* Activity *
Only the lines with "sink" in the entries below belong in the answer; please copy them.
━━━━━ Extracted records
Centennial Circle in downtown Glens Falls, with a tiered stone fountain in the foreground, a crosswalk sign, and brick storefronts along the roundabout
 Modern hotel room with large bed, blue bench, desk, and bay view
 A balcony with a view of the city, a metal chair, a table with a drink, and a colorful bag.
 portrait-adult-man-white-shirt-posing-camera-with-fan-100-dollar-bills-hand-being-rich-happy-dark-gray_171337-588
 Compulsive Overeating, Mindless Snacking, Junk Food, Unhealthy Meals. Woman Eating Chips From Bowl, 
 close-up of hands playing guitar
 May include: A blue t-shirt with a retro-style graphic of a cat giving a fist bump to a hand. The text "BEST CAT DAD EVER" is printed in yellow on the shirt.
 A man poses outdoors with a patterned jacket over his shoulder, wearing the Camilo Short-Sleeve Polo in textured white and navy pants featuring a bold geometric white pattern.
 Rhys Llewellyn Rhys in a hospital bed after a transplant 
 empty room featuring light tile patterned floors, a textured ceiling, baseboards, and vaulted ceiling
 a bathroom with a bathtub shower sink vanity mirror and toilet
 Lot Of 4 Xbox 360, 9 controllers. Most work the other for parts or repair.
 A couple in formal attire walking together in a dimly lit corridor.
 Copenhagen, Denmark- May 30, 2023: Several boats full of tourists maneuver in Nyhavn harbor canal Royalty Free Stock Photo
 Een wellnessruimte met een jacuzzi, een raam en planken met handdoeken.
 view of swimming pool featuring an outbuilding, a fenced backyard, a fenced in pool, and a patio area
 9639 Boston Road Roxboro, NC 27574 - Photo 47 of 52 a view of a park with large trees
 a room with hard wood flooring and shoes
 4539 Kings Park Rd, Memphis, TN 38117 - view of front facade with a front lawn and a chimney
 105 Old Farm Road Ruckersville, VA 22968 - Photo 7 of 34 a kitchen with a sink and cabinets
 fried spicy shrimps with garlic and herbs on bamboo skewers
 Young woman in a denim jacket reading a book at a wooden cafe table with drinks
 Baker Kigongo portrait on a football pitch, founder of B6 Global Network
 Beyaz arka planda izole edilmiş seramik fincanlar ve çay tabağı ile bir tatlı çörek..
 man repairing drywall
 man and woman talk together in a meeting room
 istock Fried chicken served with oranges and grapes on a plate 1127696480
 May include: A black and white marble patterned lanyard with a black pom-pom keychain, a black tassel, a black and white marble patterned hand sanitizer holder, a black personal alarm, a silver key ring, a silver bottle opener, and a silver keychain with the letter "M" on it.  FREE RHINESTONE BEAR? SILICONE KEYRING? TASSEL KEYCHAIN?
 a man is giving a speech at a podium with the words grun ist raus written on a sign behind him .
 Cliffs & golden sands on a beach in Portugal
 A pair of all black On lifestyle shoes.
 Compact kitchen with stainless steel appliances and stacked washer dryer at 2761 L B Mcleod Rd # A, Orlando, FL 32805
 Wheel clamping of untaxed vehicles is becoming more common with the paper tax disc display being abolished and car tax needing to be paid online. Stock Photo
━━━━━━━━━━
* Response to this exercise *
 a bathroom with a bathtub shower sink vanity mirror and toilet
 105 Old Farm Road Ruckersville, VA 22968 - Photo 7 of 34 a kitchen with a sink and cabinets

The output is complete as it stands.